I’ll also show you how to play an unusual inversion of the chord too which can really add class to your playing in certain situations.

A while back I showed you multiple ways to play the tricky B minor chord on guitar and more recently the B flat chord on guitar which is also a challenging chord to play. The chord of F is a more common chord as it is in the key of C Major—one of the CAGED keys on the guitar.

The F chord is also used in other keys too and quite often when a musician is playing in the key of G Major they will substitute out the F# diminished chord to bring in an F Major chord.

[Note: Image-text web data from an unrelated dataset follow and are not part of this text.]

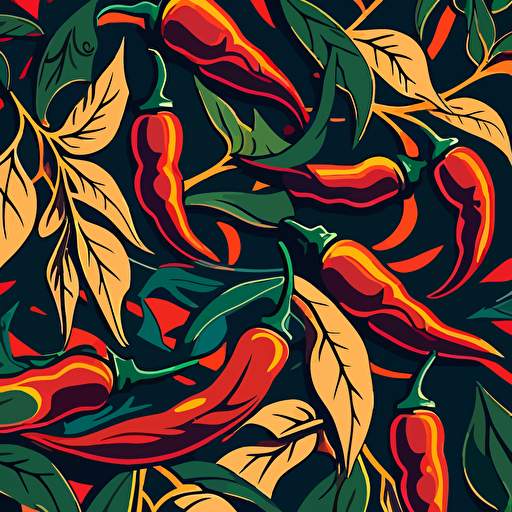 : Vector, Africa Pattern, Chilli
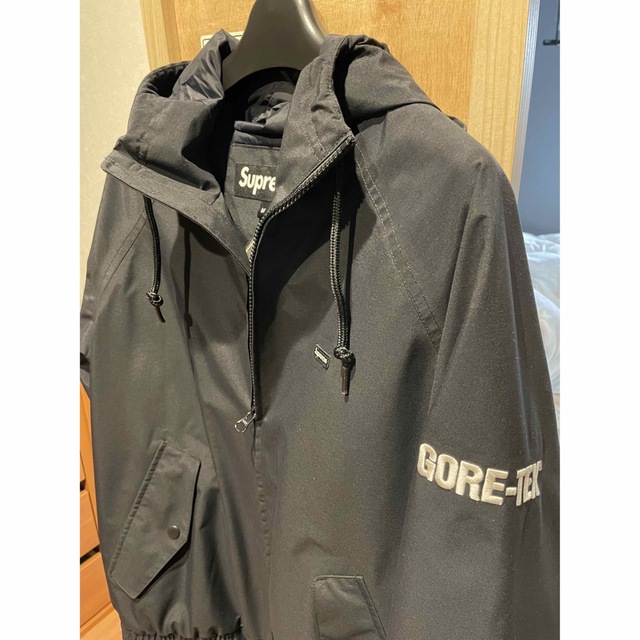 Supreme GORE TEX Harrington Jacket Black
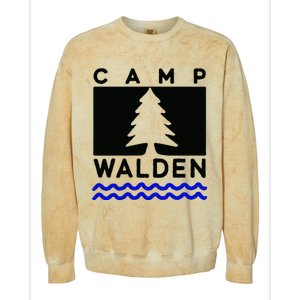 Camp Walden Summer Camp  Summer Camp Colorblast Crewneck Sweatshirt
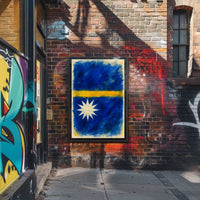 Abstract Flag Art Poster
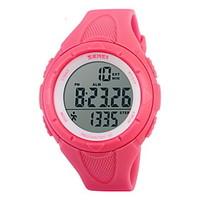 SKMEI Women\'s Pedometer Fashion Sport Watch LCD Digital Alarm Stopwatch Cool Watches Unique Watches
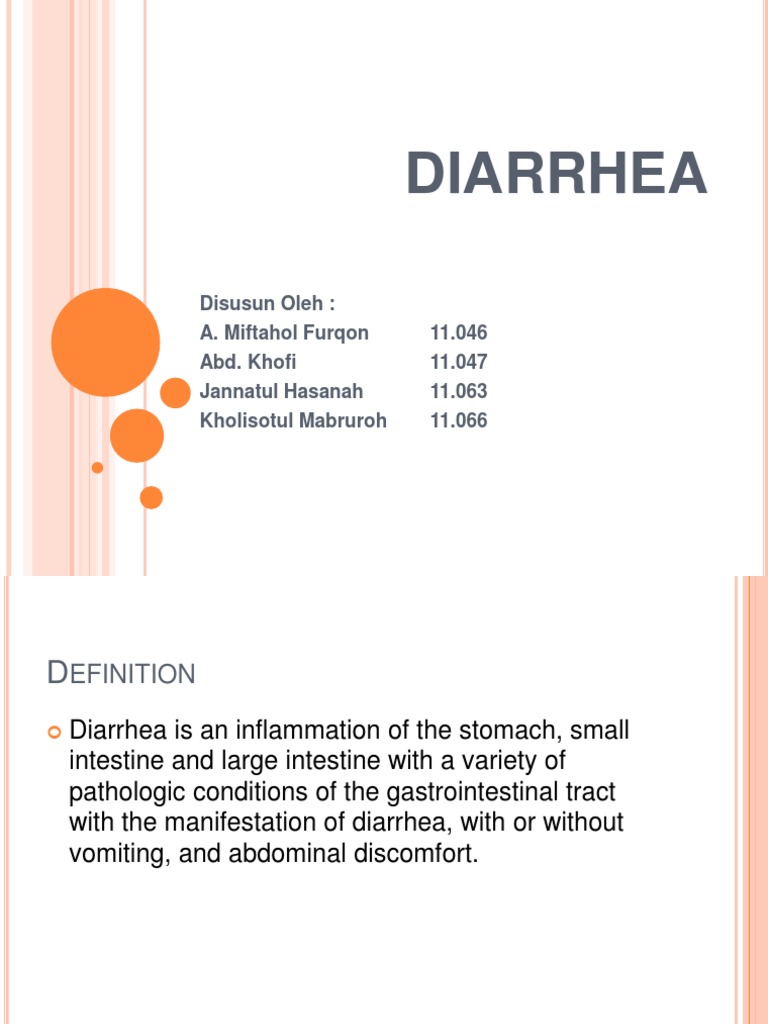 diarrhea | diarrhea | dehydration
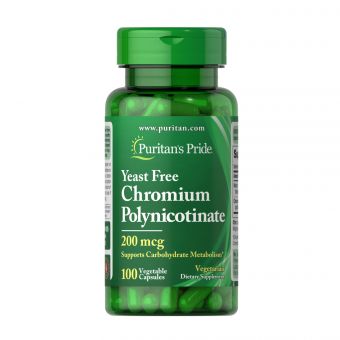 Chromium Polynicotinate 200 mcg Yeast Free - 100 veg caps (Повреждена крышка)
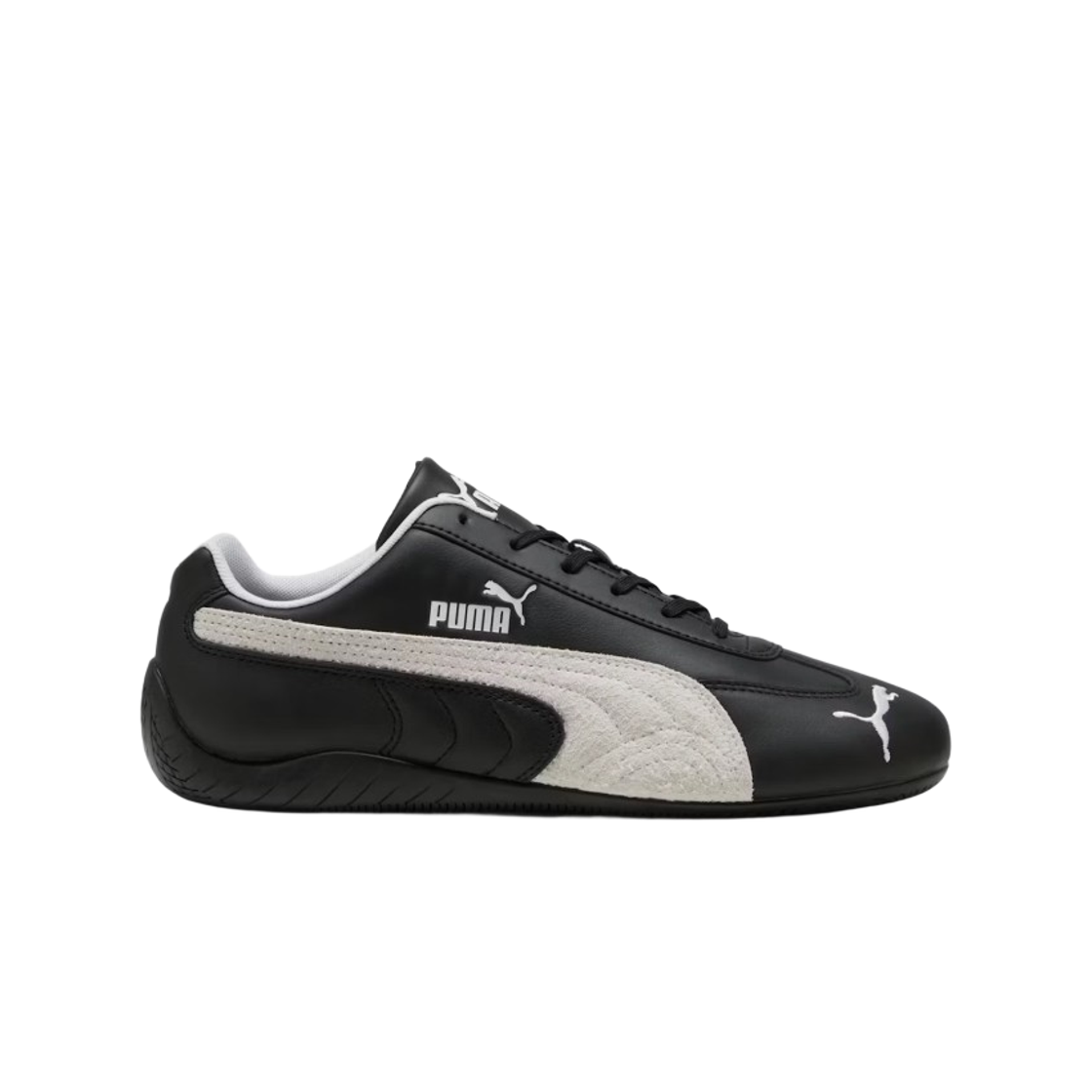 403175-02 Puma Speedcat Leather Black White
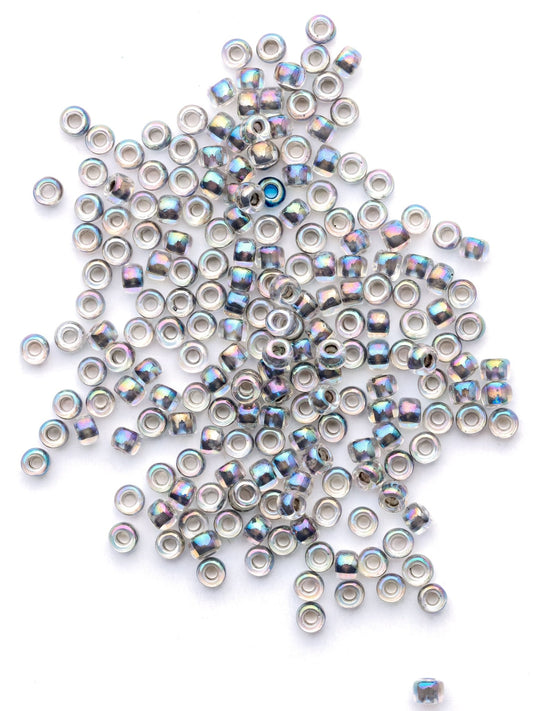 Perles de rocailles - Gris irisé - Solyluna Macramé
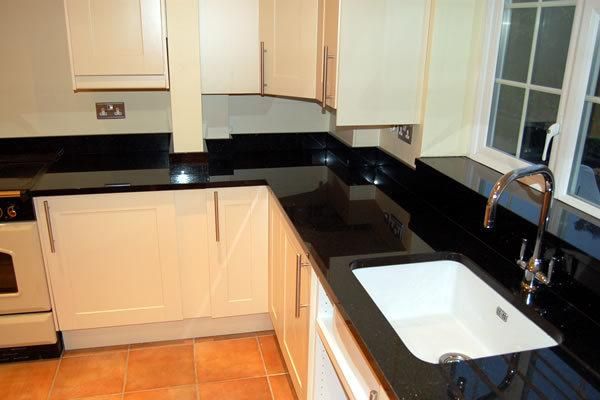 Black Granite Stone Vanity Top/Countertops for Kitchen or Bathroom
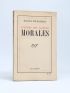 JOUHANDEAU : Algèbre des valeurs morales - Prima edizione - Edition-Originale.com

This makes the F really important.

Here are a bunch of songs that use the F chord (most don’t use a capo but a few do).

  • John Lennon – Imagine
  • Oasis – Don’t look back in anger
  • Coldplay – The Scientist
  • David Bowie – Space Oddity
  • The Script – Superheroes (capo 3)
  • The Jam – That’s Entertainment (capo 3)
  • The Calling – Wherever You Will Go (capo 2)
  • Sam Smith – Stay With Me
  • The Animals – House of the rising sun

How to play the F chord on guitar

Shape 1 – (The big dreaded F)

This is the version of F that is most feared by beginners and I can see why. It is a tough chord. Barring across all 6 strings is tough and especially so at the 1st fret.

To get good at this version, you will need to spend time perfecting the quality of your barre. This means using great technique and following the advice in this post on barre chords.

For example, how straight it is, how close to the fret it is and how high it is positioned, and then adding in one finger at a time to gradually complete the chord. Thankfully there are much easier ways of playing F.


F chord on guitar

Shape 2 – (The C Shape Barre)

This is a tough old nut to crack for many guitarists. What you are doing here is playing a C Major chord shape with fingers 2, 3 and 4 and playing a barre across the top three strings with your index finger and placing this finger at the 5th fret).

It’s definitely a luxury shape and one that is suitable for intermediate guitarists but not ideal for beginners.


That’s because it is so tough and it isn’t used in that many songs (The intro to Red Hot Chili Peppers ‘Under the Bridge’ is probably the most famous example).


F chord on guitar

Shape 3 – (A Shape Barre)

Our next version is a barre chord based off the shape of an A Major chord. Can you see how we have taken the A Major chord and turned it into a barre chord and are now playing it higher up the neck?

I like to play this chord in the following way. The trouble is your ring finger is the one doing all the work so it can be tough to play for some guitarists.


F chord on guitar


Some guitarists prefer to play this version using all four fingers as you can see in the version below.


F chord on guitar


Me, I never liked this second version as it is clunky and although I don’t have the fattest fingers in the world (not that they would be an excuse), when playing up at the 8th fret I struggle to fit fingers 2, 3 and 4 in a line on the same fret.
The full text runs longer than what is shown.